Topic: Ways in which we can apply “More product, less process” in digital realm. Speakers will be sharing two case studies.

Lisa Miller (Hoover Institution Archives)
Hoover is well-funded compared to most, but still lacking some tools for digital processing and preservation. Shows a wish list: digital repository system, dedicated IT staff, computer programmer, DAM system, Tools for METS, PREMIS, etc..

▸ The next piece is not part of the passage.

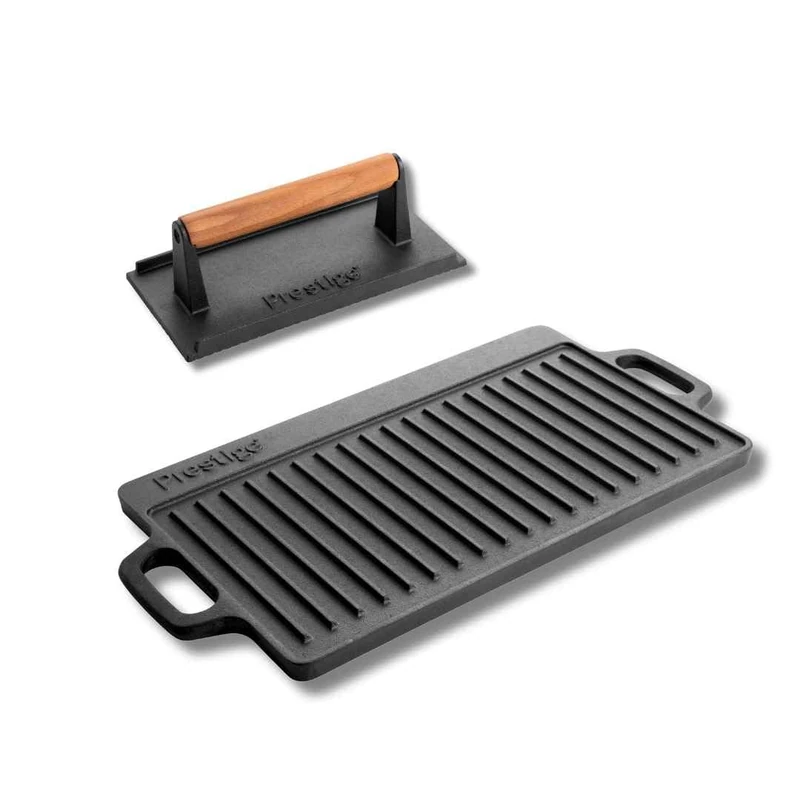 Prestige Cast Iron Burger Press and Double Sided Griddle Pan – Pre-Seasoned, Non-Toxic, Induction & Oven Safe, Easy Clean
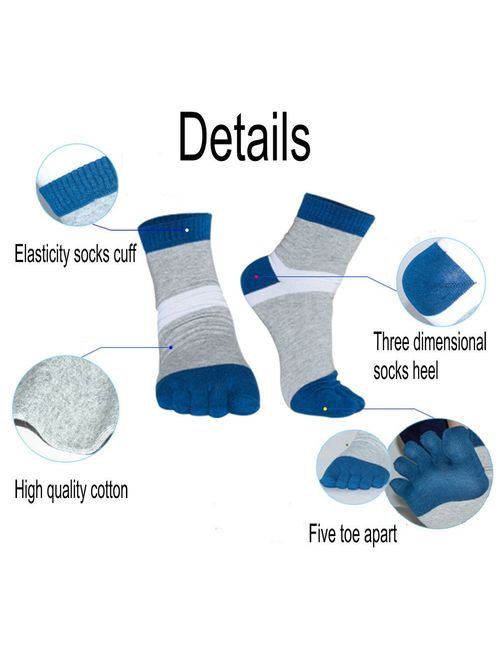 Men's Toe Socks 5 Finger Crew Cotton (Pack of 4/5 / 6)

Available resources; PC and Mac computers, floppy disks, server space, some staff time, and eager researcher for the Katayev Collection (2007). Spurred the archives to create basic processing procedures. Mostly had Web 1.0 files (Word files, non-interactive media, etc.). Researchers just wanted content, not concerned so much with authenticity issues (diplomatics) like archivists.

Basic steps:

  1. Find computer media: looking for media in collections via finding aids and catalog. No standard way of indexing media, so serendipity plays a role in finding them.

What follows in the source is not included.